Testes com ratos demonstraram a terrível luta que ocorre no interior deste sujeito doente no momento em que uma nova ideia é apresentada ou surge em sua cabeça. Um dos ratos (que chamaremos de Pink) carece de qualquer informação objetiva sobre o cliente, não lê o briefing (ou não o entende) e dispara as mais loucas possibilidades sem nenhuma preocupação com as demais fases do processo, como pesquisa, planejamento, prazos, etc. Movido por um espírito de festa rave (ou de porco), o rato Pink gosta mesmo é de mostrar para os demais o quanto ele “pode” ser criativo e não perde a chance até de brigar por uma ideia sem o menor sentido para o cliente. Para o céu e além, este é o seu lema.

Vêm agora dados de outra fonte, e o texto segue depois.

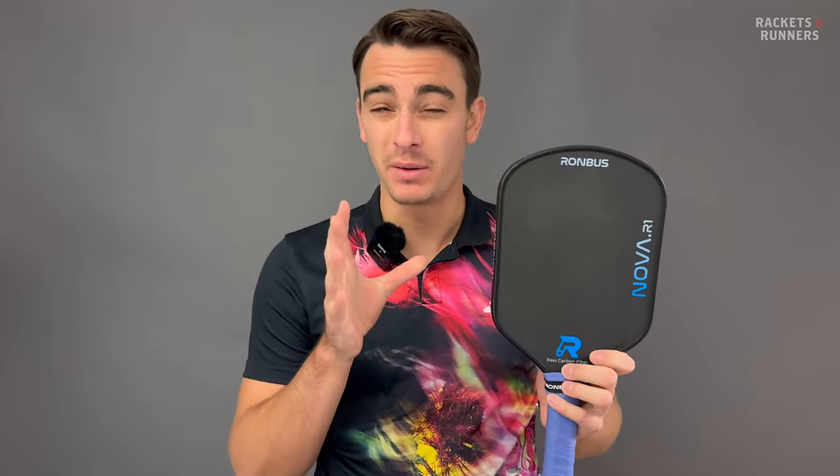This paddle is sick. In a time where a lot of paddles are coming out with very similar playability, this paddle is unique, and unique in a very good way.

O outro rato (que chamaremos de Brain) é exatamente o oposto. Obstinado e presunçoso, acredita que a sua ideia é infálivel porque passou quatro horas pesquisando na internet, conversando com o cliente e fornecedores, dissecando cada falha no produto e na comunicação anterior. Pouco importa se a ideia é batida ou superficial demais. Ele não quer saber de “viagem”. O rato Brain chega na reunião com um DVD de 8G repleto de material, apresentação de powerpoint e o diabo a quatro que justifica o caminho a ser percorrido. No final, não espera menos do que o reflexo de seu próprio sorriso vencedor no rosto de cada um da sua equipe. E é bom aplaudir, senão…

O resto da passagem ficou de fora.